***** Source material

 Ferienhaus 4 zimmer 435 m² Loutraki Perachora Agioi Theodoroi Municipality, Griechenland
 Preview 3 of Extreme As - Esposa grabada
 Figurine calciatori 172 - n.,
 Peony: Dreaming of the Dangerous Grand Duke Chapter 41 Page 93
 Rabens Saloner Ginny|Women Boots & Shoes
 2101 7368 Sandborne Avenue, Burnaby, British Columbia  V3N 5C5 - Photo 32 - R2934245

**********
***** Source material

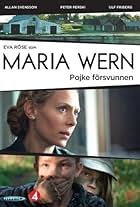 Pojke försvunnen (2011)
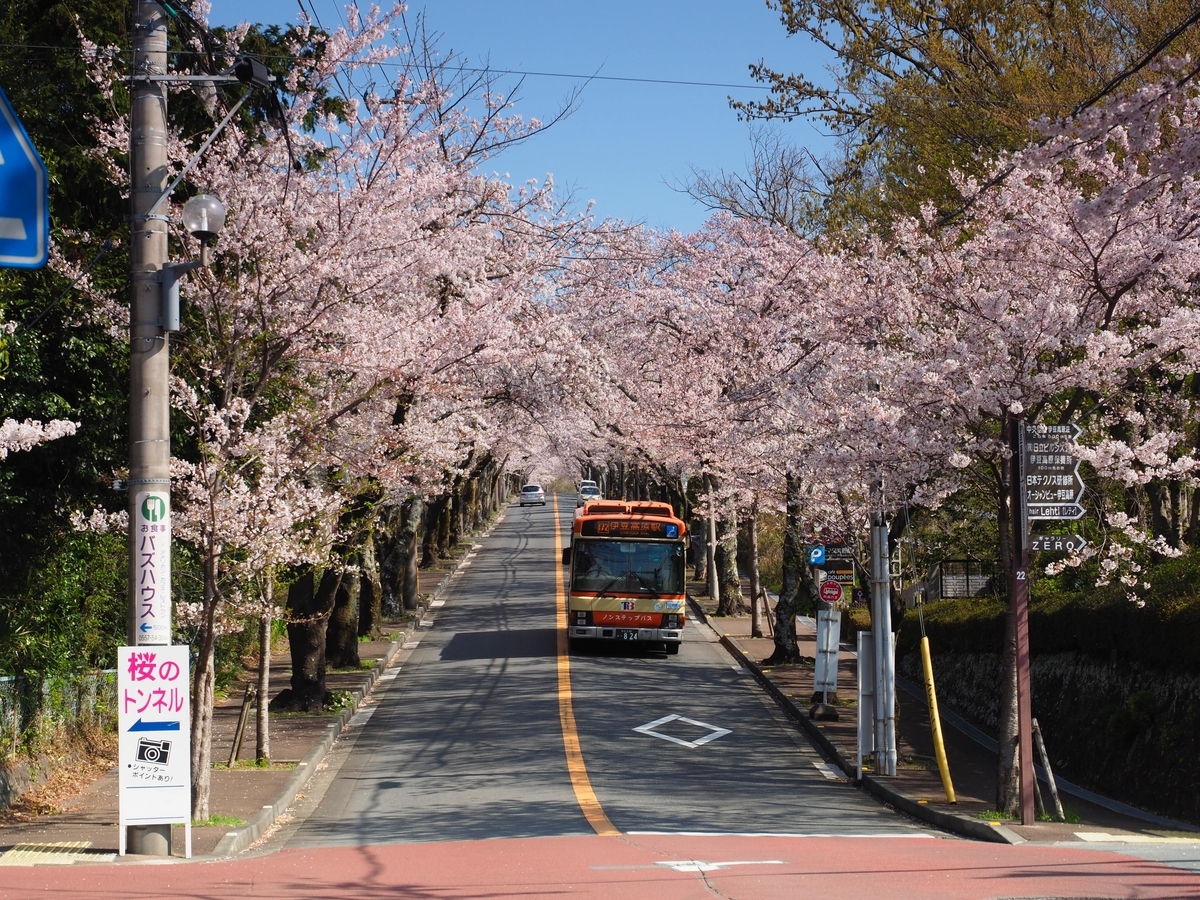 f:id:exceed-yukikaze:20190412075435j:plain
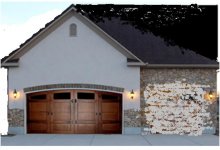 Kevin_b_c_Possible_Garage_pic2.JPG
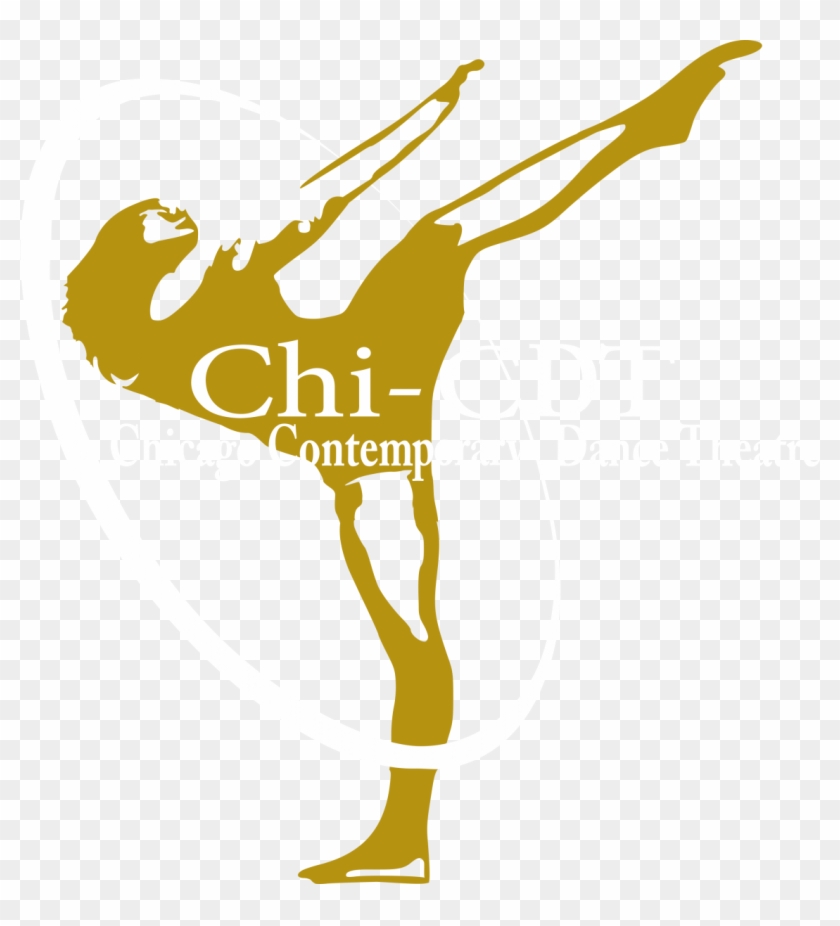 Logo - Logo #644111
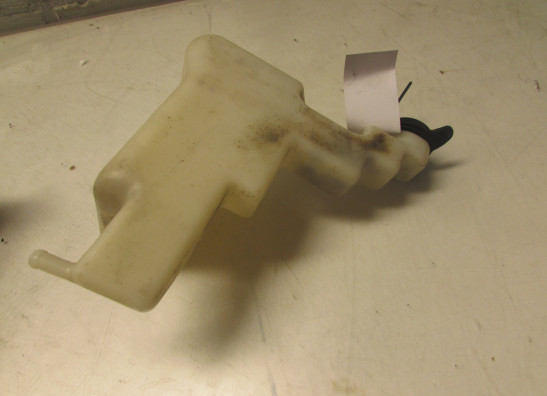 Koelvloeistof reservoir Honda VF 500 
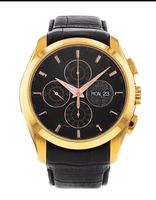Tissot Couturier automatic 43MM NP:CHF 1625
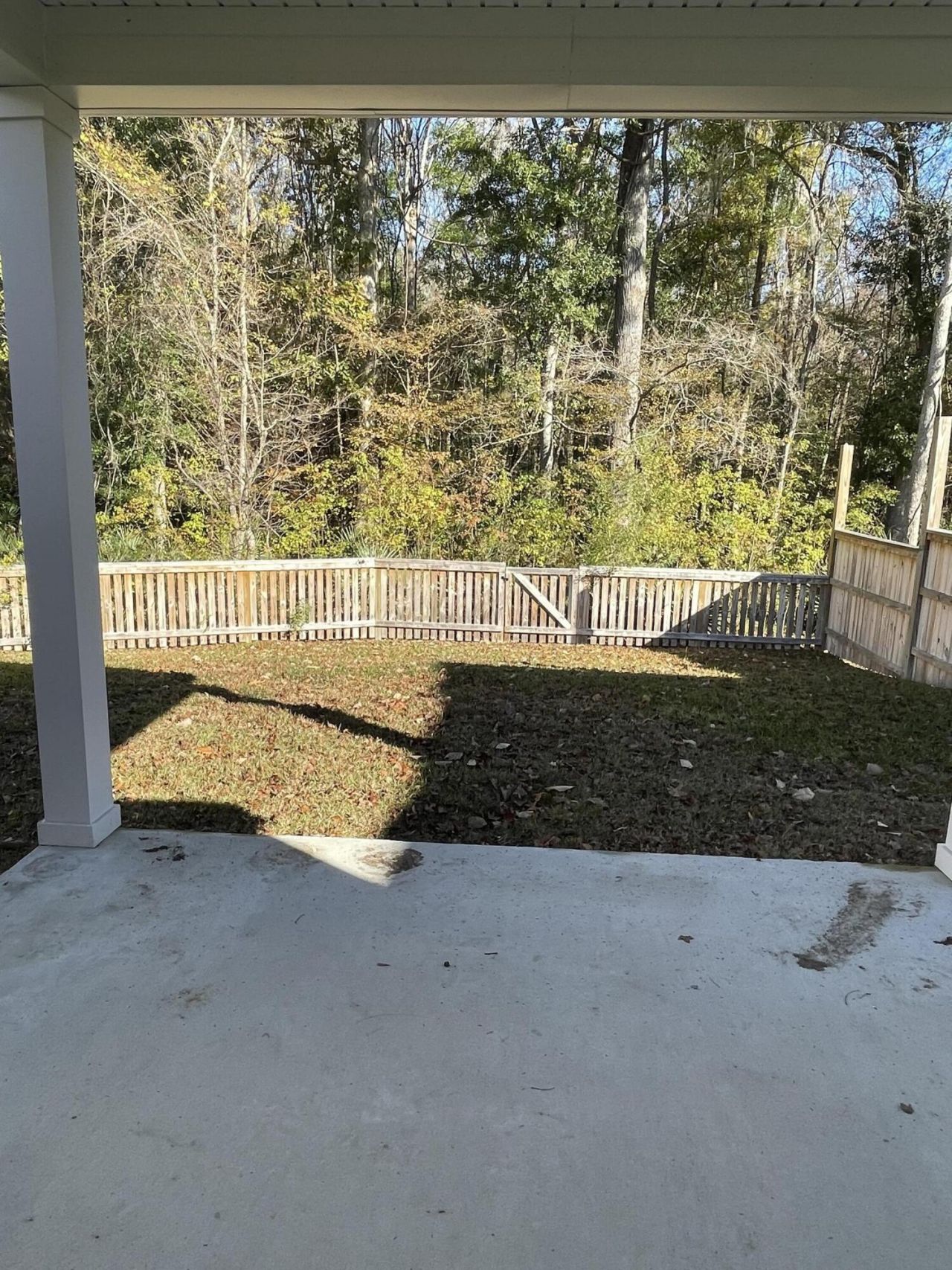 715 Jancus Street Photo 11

**********

Look back over the records above. Reproduce exactly everything from the line with "Tissot Couturier automatic 43MM NP:CHF 1625" down to the line with "715 Jancus Street Photo 11", inclusive, and leave the pictures out.

## Answer to the exercise
Tissot Couturier automatic 43MM NP:CHF 1625
 715 Jancus Street Photo 11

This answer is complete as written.